%%

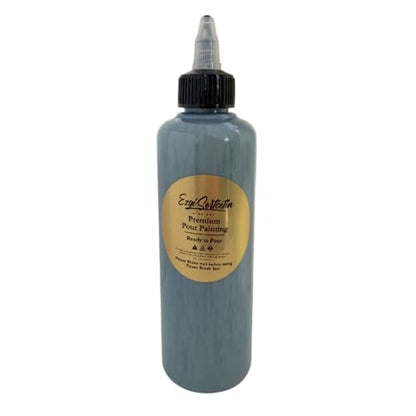 Premium Pour Painting Acrylic Pouring Paint | Ready to Pour | Fluid Art Paint | 8 FLOZ | Fresh Azurre - color: Fresh Azurre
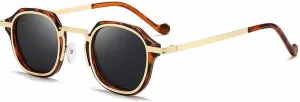 Retro Steampunk Sunglass Small Sun Glasses for Man Woman Metal Frame Eyewear Uv400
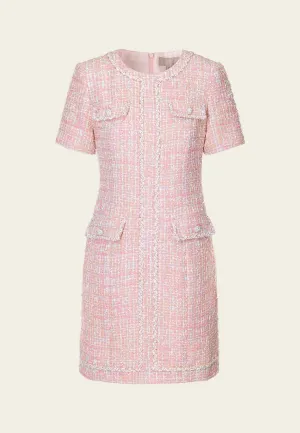 Wave Core AbrasionFreeZone Pastel structured Flap-pocket Dress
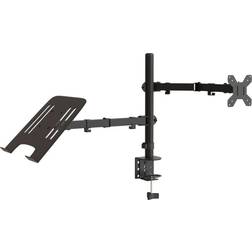vidaXL Skärmfäste För 4 Skärmar Svart Stål VESA 75/100 mm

%%

→ **WHAT THE TASK ASKS**
All that is needed is an exact copy of the lines from the line with "Retro Steampunk Sunglass" through the end of the listing, both ends included, with no pictures.

→ **SOLUTION TO THIS EXERCISE**
 Retro Steampunk Sunglass Small Sun Glasses for Man Woman Metal Frame Eyewear Uv400
 Wave Core AbrasionFreeZone Pastel structured Flap-pocket Dress
vidaXL Skärmfäste För 4 Skärmar Svart Stål VESA 75/100 mm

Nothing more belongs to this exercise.